FC: Oh yes, absolutely.
I’m still looking around for some quiet place on Earth that I could just
write music and breathe in good air.
BD: Try Alaska!
FC: Try Alaska?
[Laughs] I could exploit Alaska next. That’s coming! I
scoped out Oregon, and it’s beautiful, really fantastically beautiful, but
the same thing is going on there. They’re trying to cut down all the
forests for the timber.
BD: You’ve got
to stay two jumps ahead.
FC: Yes!
[Both laugh]
BD: Since we’re
talking about this, has this need to be peripatetic changed appreciably in
the last ten, twenty, thirty, forty years?
FC: I don’t think
so.
BD: So it’s always
been like this and it ever will be?
FC: Well, to say
it always will be, that’s something else again. But certainly artists
have to go where there’s work, and if you’re a composer or a musician from
a small town, if you want to work you’ve got to get to a big town.
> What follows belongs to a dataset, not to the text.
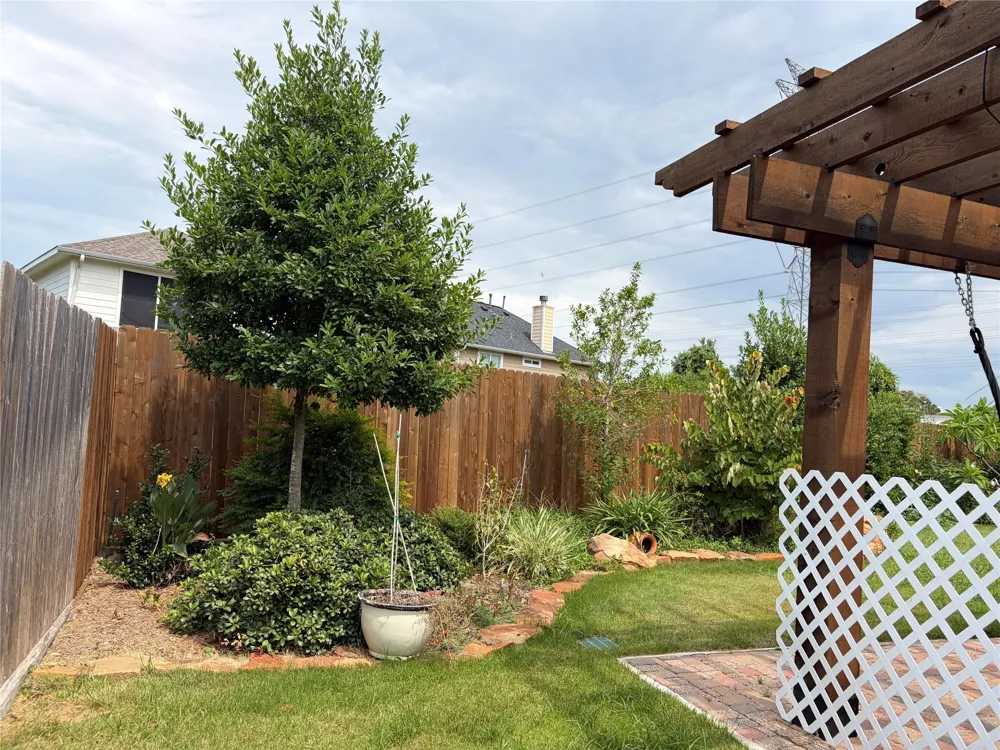 11042 Warath Oak Court Houston, TX 77065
That pretty much means usually New York, LA, and possibly Chicago. Something
like that sort.
BD: Does that leave
the little towns bereft of musicians?
FC: Yeah, it’s
pretty tough to go out to the Midwest and try to put together a first class
group unless you have the financial backing and can attract musicians.
Cities like St. Paul attracted first class musicians as they have the money
that pay them and to build the auditorium. But that requires money.
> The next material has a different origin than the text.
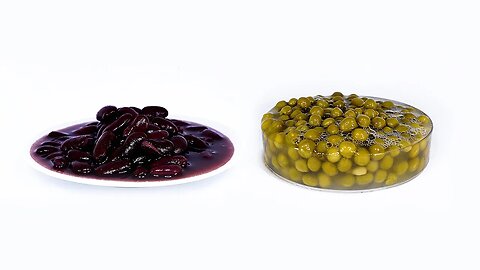 Peas vs Beans Rotting Timelapse Comparison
It can be done, it’s just tougher, that’s all. Whereas in a city like
LA here, there are just musicians all over the place.
BD: Then do you
have the opposite problem with too many musicians?
FC: The problem
here in LA actually is an insidious one, it’s the studio problem. My
son is a violinist. What happens is musicians long to play so-called
‘good music’, and they want to
get involved in chamber music and then performances of new works. But
these things take a lot of time and a lot of effort, and meantime they keep
getting these calls where you just show up and in two and a half hours you
earn such a huge amount of money. It’s just ridiculous. You can’t
turn it down.
BD: And then your
morning is shot or your afternoon is shot.
FC: Yes, and sometimes
both! You do double sessions, and it’s an ongoing thing. If you
want to form a string quartet or woodwind quintet or something like that
and really do a first class job and spend a lot of time rehearsing and do
some traveling, it’s awfully difficult, awfully difficult.
* *
* * *
BD: In your own
career you are both a teacher and a composer. How do you balance those
two very demanding activities?
FC: First of all
I was a composer long before I was a teacher and I also had to perform before
I was a teacher. I was just determined that when I started teaching
I would keep them both separately distinct, and that the two of them complement
one another in a sense. But I’ve always left time for composition.
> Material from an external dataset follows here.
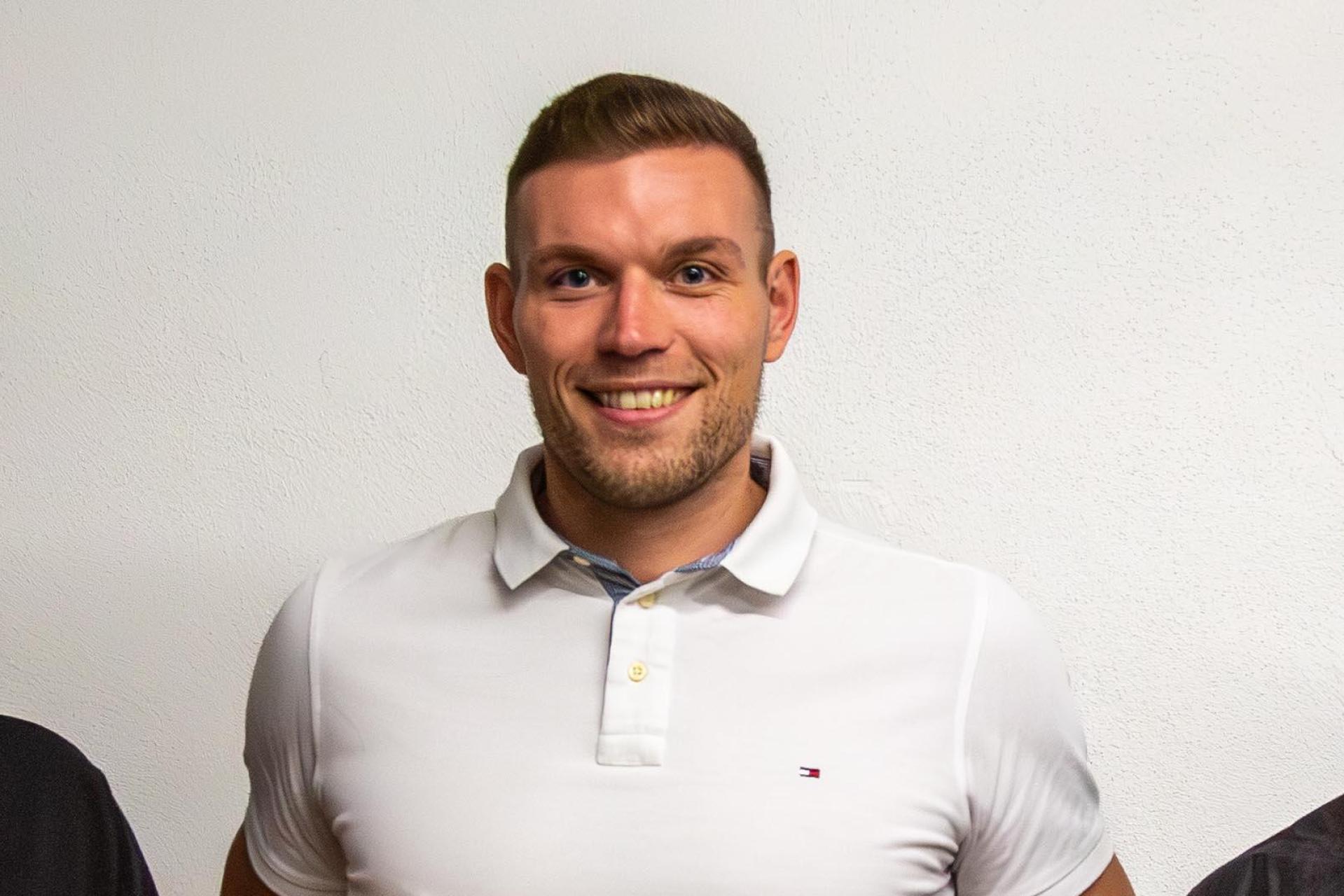 Marco Seifert (Mitte) stürmt künftig für den FC Amberg.  (Bild: FC Amberg | Matthias Reuß)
I was thinking that if I didn’t leave time for composition, then there was
no point in the kind of work I was doing in teaching. So I’ve always
set aside time for composing.
BD: Do you get
enough time to compose?
FC: Time-wise,
yes. Sometimes I resent that my energies are pulled elsewhere, particularly
when you get well into the semester and these extra activities that are taking
place. Then it isn’t a question of time so much as a question of the
drain on your own resources. You just find yourself thinking of so
many things that the concentrated effort that’s necessary for composing may
not be there. So that’s really the main problem.
BD: Are you teaching
composition or theory, or both or what?
FC: I’m head of
a composition department, and I teach. I have a composition class every
semester, and I teach orchestration, and I have a course which I enjoy very
much which is called Twentieth Century Technique. I’ve just introduced
students to some major techniques of the twentieth century.
BD: Get them not
to be afraid of multi-phonics?
FC: Yes, precisely!
It’s a great fun class to teach because they’re all music majors, but many
of them have never really been exposed in any systematic way to twentieth
century music, so what they’ve heard they didn’t care for or they didn’t
like and didn’t make any sense. Then when they have the time to sit
down and approach it in this manner, they find out that not only they understand
it but very often end up really enjoying it very much.
BD: Is there any
way to do what you’re doing in the class with the general audience to prepare
them more for new pieces?
FC: It’s a good
idea. I don’t know, but not the way this particular class is handled
because this is intended for musicians. But I suppose, sure, absolutely.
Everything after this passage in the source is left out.